I like traps. What DM doesn't? I like pit traps especially. Ages ago I had the pleasure of having a number of my characters dies in Pit Traps. Since then I was hooked. I have had just about every iteration of pit traps and mechanical death filled dungeons possible (Funhouse Dungeon of Henewai?) but as my role playing matured I left the pit traps behind. Much to my unknowing dismay.
The party stumbled into the trapped area that was behind two sets of impossible to pick locked doors needing specific keys - and through the hallway with a score of zombies and a handful of ghouls and ghasts hiding within. The big pay off seemed to be two pieces of specific looking silver jewelry - under a 4 ton statue of a squat toad. And there were 6 rope wrapped pegs with a cryptic clue to decipher. And under the place where they would stand to pull the pegs was a pit trap with spikes and green slime. Damn, the only thing missing was a lever.
Adventurers are adventurers because they DO stupid things like this and take the risks - so they can get the big treasure. Otherwise they would just be inn keepers and blacksmiths and be content with their handful of silver a day.
But with risks do come the spectre of death and that befell the group this meeting.

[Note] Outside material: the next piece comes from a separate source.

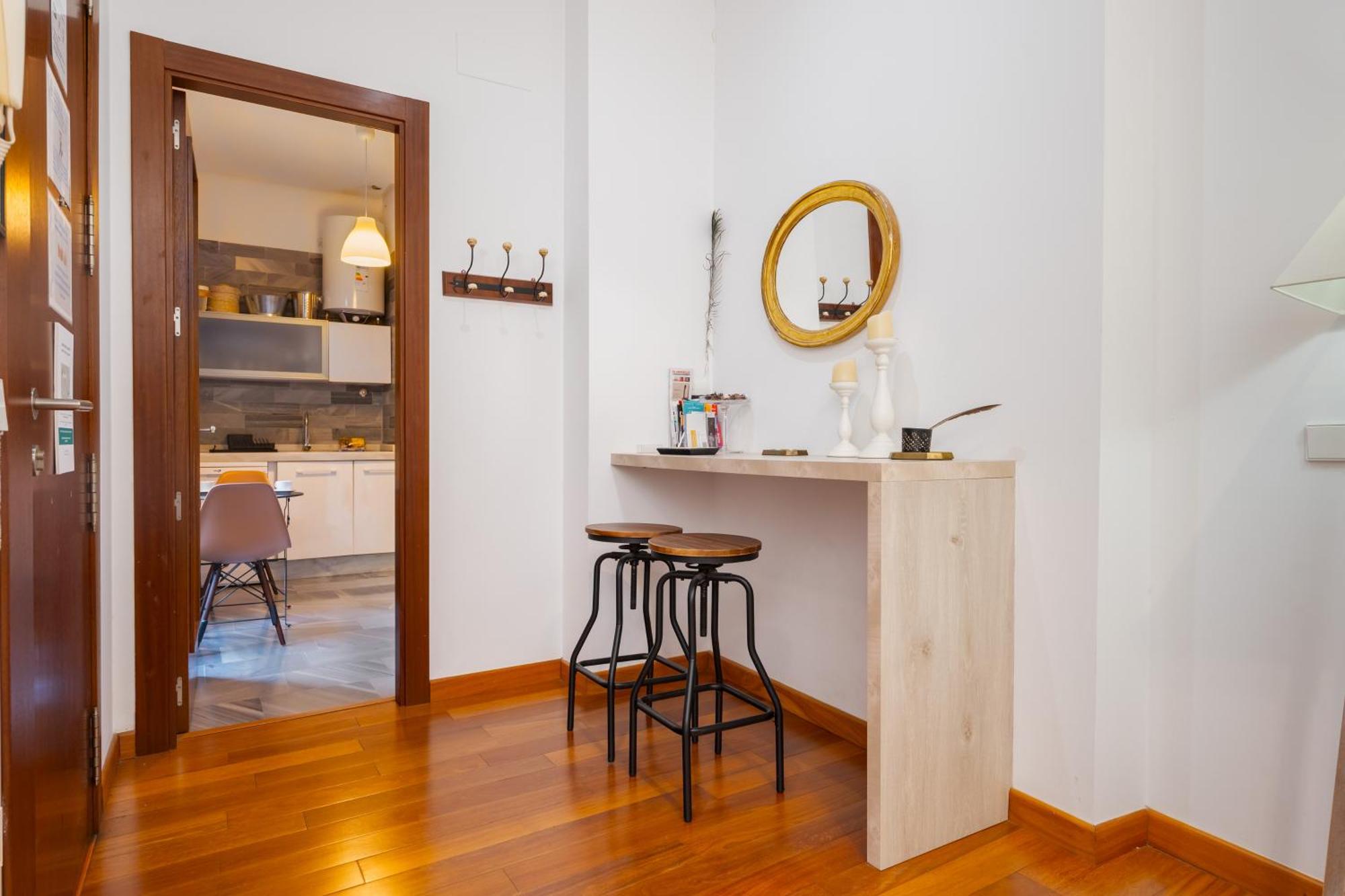 Attic With Terrace- 1bd 1bth- Corral Del Rey Appartement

We lost our paladin for which I was sorry to see it happen. The guy playing him is new to our group, only being there for 6-8 meetings; and he is young, just over 20; and he does not have much old school D&D experience, playing mostly 3.5 and 4.0. But I LIKED the way he was playing his paladin and noted that he did make the right effort and was a boon to the table and the party. Yes he died, but he died with flair (getting smashed under 8,000 lbs of falling frog shaped stonework is flair-y!!) and I know that whatever he rolls up next (supposedly thinking about a fighter/bard) works just as well.
Write up follows:
After some time the sound of the hellhounds and ice toads doing battle grew fainter and eventually ended as the two parties separated. Detheron used his still open connection with Frey to verify the two parties had moved away, confident that neither side was the apparent victor.

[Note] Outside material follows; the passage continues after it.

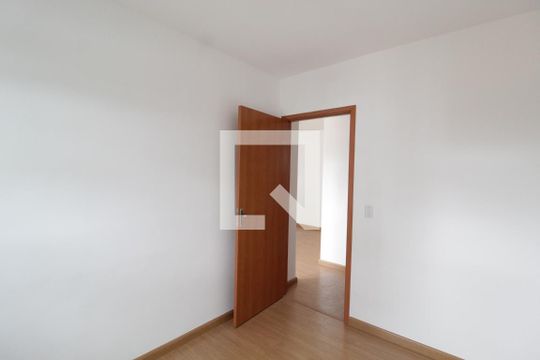 Quarto 1 de apartamento para alugar com 2 quartos, 47m² em Shopping Park, Uberlândia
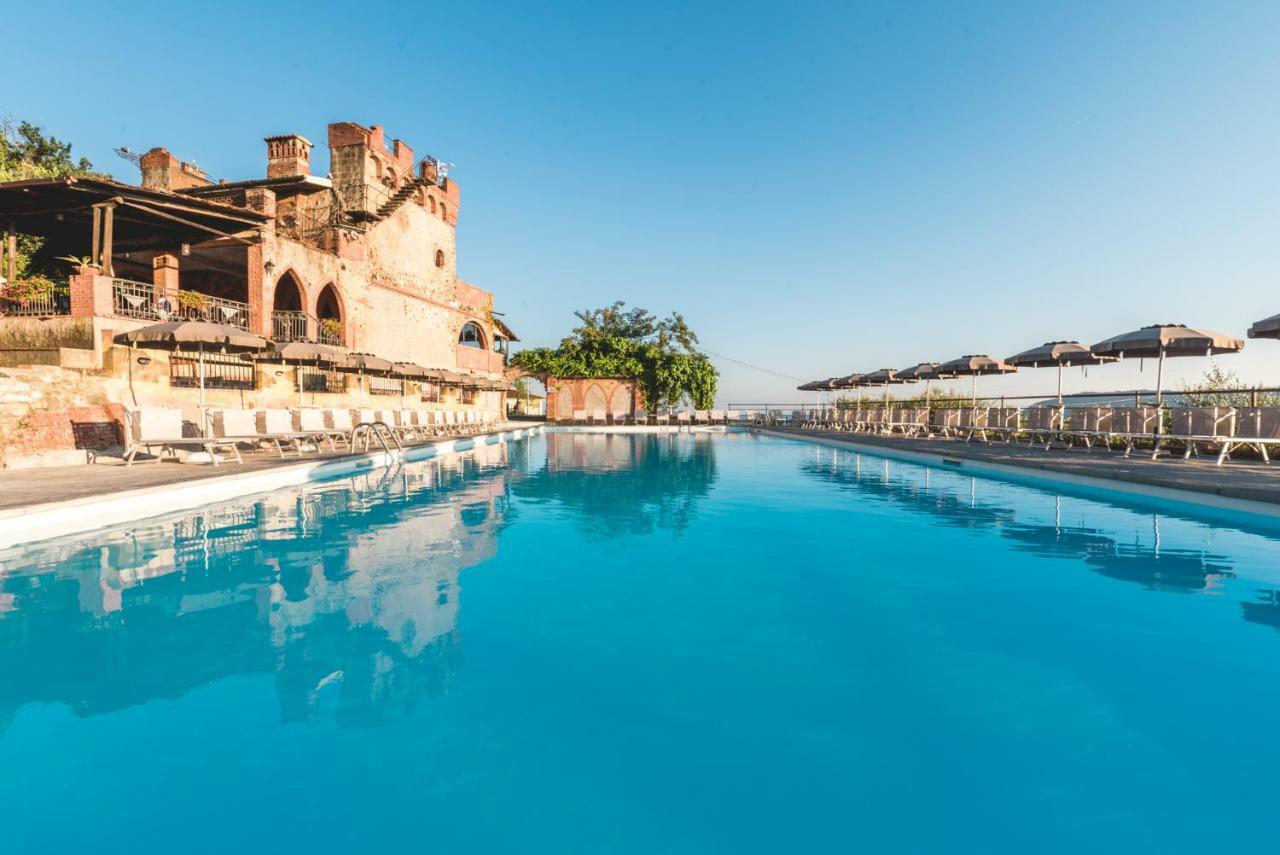 Ippotur Medieval Resort Castelnuovo Magra Luaran gambar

As for where to go, it was a tossup with Damian championing going into the dark and gloomy evil feeling corridor and Detheron wanting to NOT go into the corridor! But it was put to discussion and Zoltan and Gwyn were the voices of support to the paladin and the group opted to use the mirrored short swords to open the side door.
A recheck with Baldur guiding him was enough to set Damian’s mind at rest that the corridor was as we viewed it before, and aura of evil coming from within. The group hesitated on entering but Olthar was voted/volunteered to enter. He tossed some bone fragments at the closest overbearing 20’ tall statues, hitting each but nothing special occurring. He entered, infravision illuminating the way. The corridor was cool and even. He didn’t like the alcoves to either side (there were 8 of them, 4 on each side, each with a huge giant statue), with the rotting velvet looking curtain hanging before them. Cautiously he entered behind one, stepping around the giant statue.
It was in the darkness that something struck it, three times with bone snapping impacts. He turned and ran, yelling that he was under assault. Damian stepped in with his sledgehammer drawn and ran behind the statue yelling out his god’s name. Gwyn tossed a flask of oil through the other side of the alcove and Arnog brought the lantern near so we could see what was there. Very dead and rotting zombie dwarves.
The group entered the corridor (except for Soren, Zoltan, and Coruth’tae who stayed in the 20’ square outer chamber) and readied weapons as Gwyn lit torch and threw it at the oil soaked wall, setting one zombie on fire and showing two others shuffling out to attack. Damian smashed into the closest and did battle with the undead while the dwarf set his enchanted shield firmly against his arm and raced into the alcove to shield rush another shambling undead. There was a crumbling pop and the damn thing was consumed from the shield’s power.
But more of them came out, behind every statue, every alcove; zombies came out and shuffled in our direction. Detheron drew his boar spear and slammed it into a close one, sinking it in deep and holding it from advancing. Olthar switched from dagger to short sword and plied blade against another one. Soren put away his bow and drew out a torch, using it as a club as he helped Detheron take out the closest and Arnog aided Olthar. The zombies raised their arms up and brought them down, hitting the group but no real damage was done, only some bruises and scrapes. The zombies continued to advance crowding around Olthar and getting closer.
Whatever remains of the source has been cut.